Harris wrote: "We’ve heard from our advertisers and agencies loud and clear that we can provide simpler, more robust ways to stop their ads from showing against controversial content."
The tech giant has been under pressure since a front-page story in The Times last month revealed that top brands like Mercedes-Benz, Waitrose and Marie Curie had been unwittingly funding extremists and pornography via misplaced online ads, on platforms including YouTube.
Harris said that while Google had extensive tools in place to protect advertisers from such outcomes, it could "do a better job of addressing the small number of inappropriately monetized videos and content."
He said: "We’ve begun a thorough review of our ads policies and brand controls, and we will be making changes in the coming weeks to give brands more control over where their ads appear across YouTube and the Google Display Network."
Harris, who admitted earlier this month that Google had failed to "educate" advertisers sufficiently on brand safety, has faced a barrage of criticism in recent weeks.

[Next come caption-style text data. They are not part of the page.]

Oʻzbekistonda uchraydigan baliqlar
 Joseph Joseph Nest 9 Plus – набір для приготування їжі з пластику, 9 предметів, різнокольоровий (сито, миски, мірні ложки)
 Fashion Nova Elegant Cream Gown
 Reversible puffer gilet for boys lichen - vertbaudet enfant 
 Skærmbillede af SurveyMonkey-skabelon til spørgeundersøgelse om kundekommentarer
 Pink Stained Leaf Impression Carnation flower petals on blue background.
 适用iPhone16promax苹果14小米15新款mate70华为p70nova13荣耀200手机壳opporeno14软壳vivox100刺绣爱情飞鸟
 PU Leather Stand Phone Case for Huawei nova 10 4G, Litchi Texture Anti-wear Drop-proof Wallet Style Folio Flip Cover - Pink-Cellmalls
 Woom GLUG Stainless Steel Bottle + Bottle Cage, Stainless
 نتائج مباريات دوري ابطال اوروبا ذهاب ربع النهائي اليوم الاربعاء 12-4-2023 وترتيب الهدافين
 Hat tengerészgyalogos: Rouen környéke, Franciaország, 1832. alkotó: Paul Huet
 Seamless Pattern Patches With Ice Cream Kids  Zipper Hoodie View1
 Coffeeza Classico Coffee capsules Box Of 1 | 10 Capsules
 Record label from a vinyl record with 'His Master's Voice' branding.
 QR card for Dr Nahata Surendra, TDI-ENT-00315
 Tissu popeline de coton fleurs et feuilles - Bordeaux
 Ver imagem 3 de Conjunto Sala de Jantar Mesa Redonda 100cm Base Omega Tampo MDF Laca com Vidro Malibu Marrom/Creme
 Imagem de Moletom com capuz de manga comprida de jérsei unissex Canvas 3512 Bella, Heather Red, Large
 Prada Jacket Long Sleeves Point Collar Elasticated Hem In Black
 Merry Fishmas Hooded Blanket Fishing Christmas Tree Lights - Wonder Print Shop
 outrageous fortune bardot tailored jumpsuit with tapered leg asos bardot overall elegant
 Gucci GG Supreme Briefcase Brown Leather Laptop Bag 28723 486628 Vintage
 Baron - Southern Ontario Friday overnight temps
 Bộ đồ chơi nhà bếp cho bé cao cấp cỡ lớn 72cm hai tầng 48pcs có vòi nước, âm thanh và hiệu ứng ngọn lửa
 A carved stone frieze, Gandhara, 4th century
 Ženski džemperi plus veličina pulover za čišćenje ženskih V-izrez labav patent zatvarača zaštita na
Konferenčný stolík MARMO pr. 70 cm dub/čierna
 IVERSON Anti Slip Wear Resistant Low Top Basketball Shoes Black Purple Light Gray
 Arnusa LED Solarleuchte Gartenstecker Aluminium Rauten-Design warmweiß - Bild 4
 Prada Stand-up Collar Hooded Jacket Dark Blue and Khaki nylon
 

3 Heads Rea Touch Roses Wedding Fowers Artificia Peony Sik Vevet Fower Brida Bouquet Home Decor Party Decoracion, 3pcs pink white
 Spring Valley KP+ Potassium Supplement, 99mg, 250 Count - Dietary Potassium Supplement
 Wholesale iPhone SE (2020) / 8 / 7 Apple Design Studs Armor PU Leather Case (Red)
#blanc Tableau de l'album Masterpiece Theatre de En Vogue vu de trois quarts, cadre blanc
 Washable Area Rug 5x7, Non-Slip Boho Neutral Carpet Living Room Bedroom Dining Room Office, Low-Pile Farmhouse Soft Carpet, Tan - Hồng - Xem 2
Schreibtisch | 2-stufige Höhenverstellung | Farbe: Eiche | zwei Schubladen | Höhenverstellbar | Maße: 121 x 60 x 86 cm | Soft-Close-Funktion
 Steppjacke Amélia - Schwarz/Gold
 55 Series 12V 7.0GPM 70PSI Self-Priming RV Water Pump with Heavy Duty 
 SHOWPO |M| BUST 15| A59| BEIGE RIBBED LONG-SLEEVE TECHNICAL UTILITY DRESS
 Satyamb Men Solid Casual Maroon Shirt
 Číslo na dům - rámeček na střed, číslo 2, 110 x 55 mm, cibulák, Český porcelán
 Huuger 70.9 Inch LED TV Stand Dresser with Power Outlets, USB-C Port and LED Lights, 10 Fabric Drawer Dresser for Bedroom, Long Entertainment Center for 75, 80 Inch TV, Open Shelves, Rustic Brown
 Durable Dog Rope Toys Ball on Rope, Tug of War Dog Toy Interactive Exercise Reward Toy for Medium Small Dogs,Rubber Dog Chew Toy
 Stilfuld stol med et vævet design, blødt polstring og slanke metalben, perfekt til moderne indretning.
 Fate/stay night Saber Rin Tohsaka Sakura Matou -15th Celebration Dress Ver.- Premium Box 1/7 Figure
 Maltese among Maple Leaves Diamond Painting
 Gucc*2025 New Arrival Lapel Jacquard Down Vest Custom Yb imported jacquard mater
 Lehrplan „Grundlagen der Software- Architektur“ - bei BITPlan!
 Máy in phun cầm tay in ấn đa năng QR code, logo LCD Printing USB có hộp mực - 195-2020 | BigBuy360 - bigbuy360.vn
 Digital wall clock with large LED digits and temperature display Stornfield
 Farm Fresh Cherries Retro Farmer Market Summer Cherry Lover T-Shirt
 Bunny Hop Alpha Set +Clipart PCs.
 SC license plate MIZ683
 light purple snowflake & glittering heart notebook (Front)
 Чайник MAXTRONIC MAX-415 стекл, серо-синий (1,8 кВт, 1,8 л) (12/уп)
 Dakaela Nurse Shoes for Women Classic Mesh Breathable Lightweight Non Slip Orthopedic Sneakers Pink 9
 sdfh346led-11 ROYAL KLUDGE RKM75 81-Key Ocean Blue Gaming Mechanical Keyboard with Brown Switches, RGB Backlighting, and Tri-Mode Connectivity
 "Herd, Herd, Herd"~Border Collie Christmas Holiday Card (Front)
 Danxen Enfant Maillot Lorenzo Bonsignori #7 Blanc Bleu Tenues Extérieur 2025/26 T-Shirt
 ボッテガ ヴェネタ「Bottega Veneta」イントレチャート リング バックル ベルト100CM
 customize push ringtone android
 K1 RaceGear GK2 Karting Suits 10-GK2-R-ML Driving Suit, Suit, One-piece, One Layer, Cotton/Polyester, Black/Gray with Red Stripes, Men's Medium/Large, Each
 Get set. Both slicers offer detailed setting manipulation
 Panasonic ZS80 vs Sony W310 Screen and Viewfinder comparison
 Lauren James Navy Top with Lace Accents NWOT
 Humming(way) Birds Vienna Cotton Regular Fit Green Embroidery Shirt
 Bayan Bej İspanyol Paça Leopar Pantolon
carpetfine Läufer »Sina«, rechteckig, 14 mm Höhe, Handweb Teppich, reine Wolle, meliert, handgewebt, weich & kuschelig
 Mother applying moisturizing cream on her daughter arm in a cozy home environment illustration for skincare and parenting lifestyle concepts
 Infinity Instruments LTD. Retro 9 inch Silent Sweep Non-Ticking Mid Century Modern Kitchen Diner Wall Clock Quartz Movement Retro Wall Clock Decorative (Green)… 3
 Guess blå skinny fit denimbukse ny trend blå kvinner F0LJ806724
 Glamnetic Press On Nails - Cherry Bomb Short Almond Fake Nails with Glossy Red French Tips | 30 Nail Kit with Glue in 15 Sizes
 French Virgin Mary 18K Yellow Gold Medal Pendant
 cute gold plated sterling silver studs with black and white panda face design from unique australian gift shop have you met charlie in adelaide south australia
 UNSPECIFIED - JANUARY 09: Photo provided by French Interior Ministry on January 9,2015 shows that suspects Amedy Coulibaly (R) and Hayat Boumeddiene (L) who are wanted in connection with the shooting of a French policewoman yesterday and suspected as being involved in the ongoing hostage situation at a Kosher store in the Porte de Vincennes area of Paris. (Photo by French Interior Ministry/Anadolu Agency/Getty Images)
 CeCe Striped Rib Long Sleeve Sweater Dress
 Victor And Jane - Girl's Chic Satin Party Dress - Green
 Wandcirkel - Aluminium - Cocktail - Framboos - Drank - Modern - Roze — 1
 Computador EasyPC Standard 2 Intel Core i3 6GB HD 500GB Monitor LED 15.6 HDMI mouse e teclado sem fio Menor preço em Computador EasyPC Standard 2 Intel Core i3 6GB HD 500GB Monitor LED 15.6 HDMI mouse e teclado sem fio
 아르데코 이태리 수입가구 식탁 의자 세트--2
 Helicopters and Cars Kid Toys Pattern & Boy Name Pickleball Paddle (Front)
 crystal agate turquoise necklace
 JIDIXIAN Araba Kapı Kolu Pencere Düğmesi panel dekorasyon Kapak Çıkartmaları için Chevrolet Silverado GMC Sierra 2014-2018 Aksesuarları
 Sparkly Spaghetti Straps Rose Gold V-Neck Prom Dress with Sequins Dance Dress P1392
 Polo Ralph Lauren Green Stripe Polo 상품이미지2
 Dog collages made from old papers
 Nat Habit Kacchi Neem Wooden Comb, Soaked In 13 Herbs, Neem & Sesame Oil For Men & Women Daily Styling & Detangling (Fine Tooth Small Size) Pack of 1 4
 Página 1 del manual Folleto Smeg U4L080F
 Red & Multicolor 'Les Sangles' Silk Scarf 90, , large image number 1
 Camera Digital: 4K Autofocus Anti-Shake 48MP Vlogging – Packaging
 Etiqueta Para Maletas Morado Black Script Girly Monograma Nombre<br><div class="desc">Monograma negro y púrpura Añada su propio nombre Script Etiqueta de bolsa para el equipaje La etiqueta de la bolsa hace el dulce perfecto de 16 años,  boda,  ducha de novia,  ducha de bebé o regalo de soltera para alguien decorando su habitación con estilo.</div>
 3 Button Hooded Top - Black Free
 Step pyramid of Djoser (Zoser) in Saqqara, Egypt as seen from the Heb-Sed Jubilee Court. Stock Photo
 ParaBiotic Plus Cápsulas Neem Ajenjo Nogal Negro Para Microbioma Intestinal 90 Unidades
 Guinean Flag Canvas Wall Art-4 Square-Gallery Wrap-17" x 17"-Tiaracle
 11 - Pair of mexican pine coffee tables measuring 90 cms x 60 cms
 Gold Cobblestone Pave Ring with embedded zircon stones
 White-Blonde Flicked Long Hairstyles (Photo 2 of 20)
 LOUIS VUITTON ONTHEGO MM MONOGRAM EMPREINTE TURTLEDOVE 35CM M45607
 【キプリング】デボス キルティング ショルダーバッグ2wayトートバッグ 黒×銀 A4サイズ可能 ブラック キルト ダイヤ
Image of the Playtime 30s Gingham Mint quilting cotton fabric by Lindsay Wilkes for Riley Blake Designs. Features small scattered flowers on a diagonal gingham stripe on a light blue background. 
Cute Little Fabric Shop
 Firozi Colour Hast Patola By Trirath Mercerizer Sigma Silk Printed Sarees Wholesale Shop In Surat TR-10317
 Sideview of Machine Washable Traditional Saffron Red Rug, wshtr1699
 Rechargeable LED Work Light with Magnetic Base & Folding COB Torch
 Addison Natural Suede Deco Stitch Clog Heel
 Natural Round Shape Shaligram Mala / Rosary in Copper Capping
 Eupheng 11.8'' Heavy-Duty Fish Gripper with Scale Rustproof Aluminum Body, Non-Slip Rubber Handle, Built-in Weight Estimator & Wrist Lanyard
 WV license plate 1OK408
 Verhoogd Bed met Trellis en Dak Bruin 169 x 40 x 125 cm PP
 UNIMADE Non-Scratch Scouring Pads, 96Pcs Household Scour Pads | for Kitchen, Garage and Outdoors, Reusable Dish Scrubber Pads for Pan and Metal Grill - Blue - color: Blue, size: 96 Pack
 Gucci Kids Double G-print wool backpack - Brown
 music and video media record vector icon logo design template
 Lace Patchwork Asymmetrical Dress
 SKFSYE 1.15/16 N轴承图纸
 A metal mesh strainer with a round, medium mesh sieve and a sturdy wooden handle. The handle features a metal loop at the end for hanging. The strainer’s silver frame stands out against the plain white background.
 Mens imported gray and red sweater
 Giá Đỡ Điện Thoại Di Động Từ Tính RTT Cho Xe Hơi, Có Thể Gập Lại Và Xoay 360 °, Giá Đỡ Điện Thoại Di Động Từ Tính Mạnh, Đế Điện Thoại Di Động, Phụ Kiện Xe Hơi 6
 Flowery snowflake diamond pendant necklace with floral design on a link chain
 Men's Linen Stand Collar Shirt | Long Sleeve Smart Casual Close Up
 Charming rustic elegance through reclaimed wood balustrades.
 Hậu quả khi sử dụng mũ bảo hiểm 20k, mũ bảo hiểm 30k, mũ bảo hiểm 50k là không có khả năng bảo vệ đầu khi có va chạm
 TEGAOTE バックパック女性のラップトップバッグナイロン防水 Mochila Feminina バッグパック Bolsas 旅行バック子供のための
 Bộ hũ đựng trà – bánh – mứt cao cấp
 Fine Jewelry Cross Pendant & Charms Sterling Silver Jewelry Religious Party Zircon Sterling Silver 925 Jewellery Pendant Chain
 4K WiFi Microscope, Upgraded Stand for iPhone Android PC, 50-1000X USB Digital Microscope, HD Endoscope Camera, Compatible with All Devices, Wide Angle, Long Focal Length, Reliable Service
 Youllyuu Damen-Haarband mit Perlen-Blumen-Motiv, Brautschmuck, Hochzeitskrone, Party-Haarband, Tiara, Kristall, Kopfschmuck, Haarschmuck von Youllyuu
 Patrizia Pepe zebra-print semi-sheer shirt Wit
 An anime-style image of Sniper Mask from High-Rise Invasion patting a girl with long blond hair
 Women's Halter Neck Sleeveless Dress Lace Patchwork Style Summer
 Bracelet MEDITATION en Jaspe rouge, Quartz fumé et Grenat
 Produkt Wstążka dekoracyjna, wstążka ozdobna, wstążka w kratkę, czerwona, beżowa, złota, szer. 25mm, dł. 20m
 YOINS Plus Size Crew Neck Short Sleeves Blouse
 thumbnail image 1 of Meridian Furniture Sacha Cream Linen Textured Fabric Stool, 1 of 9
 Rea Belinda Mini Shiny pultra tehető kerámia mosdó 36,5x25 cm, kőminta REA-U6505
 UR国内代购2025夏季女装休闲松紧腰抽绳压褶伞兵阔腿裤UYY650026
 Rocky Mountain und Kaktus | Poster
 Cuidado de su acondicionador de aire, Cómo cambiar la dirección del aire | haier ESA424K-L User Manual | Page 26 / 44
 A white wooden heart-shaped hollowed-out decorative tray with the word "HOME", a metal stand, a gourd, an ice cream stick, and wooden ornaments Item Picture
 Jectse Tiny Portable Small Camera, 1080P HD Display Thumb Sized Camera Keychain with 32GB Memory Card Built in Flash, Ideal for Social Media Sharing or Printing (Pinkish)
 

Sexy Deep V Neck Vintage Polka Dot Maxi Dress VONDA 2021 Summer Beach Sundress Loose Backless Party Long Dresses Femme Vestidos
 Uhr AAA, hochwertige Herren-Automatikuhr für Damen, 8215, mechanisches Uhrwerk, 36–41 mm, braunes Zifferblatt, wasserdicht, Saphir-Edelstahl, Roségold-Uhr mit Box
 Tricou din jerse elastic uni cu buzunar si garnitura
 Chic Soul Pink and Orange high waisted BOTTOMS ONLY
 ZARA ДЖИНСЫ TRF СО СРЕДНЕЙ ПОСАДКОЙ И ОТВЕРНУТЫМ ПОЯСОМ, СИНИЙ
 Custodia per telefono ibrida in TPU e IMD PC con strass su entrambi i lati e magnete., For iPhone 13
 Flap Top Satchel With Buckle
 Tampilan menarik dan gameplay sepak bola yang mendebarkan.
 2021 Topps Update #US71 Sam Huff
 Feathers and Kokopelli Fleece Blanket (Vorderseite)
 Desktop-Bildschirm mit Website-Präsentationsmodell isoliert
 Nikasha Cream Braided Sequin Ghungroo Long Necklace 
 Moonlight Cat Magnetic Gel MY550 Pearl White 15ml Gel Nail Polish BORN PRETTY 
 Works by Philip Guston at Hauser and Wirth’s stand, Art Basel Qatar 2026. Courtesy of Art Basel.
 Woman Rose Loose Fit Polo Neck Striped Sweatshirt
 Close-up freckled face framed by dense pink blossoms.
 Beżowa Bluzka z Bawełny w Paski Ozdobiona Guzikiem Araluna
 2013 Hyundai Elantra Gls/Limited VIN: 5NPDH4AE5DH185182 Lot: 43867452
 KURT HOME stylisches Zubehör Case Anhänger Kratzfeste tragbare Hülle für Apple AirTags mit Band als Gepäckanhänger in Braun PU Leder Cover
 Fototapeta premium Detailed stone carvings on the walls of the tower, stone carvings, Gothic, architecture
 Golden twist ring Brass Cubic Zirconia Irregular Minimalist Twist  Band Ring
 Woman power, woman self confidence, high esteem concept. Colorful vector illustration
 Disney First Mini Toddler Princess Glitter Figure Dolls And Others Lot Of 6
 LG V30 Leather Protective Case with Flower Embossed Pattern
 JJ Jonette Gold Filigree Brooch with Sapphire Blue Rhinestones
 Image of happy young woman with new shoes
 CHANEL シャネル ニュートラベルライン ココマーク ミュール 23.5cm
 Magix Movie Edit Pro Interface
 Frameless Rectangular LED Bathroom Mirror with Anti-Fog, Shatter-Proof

At a panel session at the IPA Festival of Creativity last week, WPP boss Sir Martin Sorrell called out Google for demonstrating a "lack of responsibility" on the issue.
The previous day, at the ISBA Conference, Harris was forced to fend off an attack from Saatchi & Saatchi chairman and chief strategy officer Richard Huntington that Google had fostered an environment in which "we’ve forgotten the value of context in media".